In a letter from Patterson to Commissioner John McCullough dated May 23, 1997, the county executive says the maps "will unjustly destroy property values. They will create tremendous economic disadvantage by 'alerting' the public to merely speculative dangers. They will undoubtedly be an excellent vehicle for instilling panic and fear. They will help prevent future property tax increases by diminishing, if not destroying, land values."
Patterson, whose staff said he was in Toronto last week, did not return phone calls from the Metro Times about the arsenic matter.
Commissioner Jeff Kingzett says Gordon and other health officials shared Patterson's concern that the arsenic maps would hurt property values.
"It's frightening to think that the leading health officials in Oakland County are looking out for your property values and not your health," he says.
Gordon says the county already helps residents whose wells have tested high for arsenic and others who are concerned are encouraged to have their wells tested.
Gordon says the county already has maps developed by the U.S. Geological Survey showing the presence of arsenic without showing levels. He says well information packets are given to people who have been either building or repairing wells, but not to those with existing wells.

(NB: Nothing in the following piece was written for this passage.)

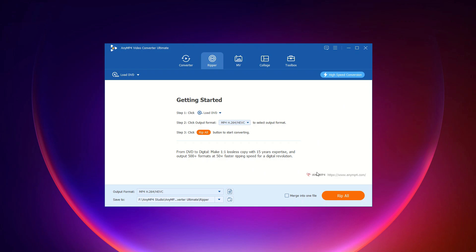Step 3: Finally, click the rip all button to start ripping your DVDs. Your DVD will be converted into the digital format of your choice. And that's it. Your DVDs will be ripped and saved in the specified format.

When Crouch moved to Ortonville in 1987, she didn't think to test her well for arsenic. In 1995, a doctor suggested arsenic poisoning and she had her well tested. Although the level was 45.5 ppb -- safe, according to the EPA -- Crouch says she and her family stopped experiencing the symptoms of poisoning after they stopped drinking the water. They now have a water system that eliminates arsenic.
The maps being issued this month, produced by Geological Survey and the University of Michigan-Flint, pinpoint wells that
exceed EPA safety standards for arsenic, nitrate and chloride.
Dark shading will be used to distinguish "high-risk" areas from areas where the contamination did not exceed the EPA limit. But county officials warn that testing has not been extensive enough to rule out contamination in non-shaded areas.
The maps will be available in libraries and local government offices, on the county's Web site, www.co.oakland.mi.us and from the health department, 248-424-7190.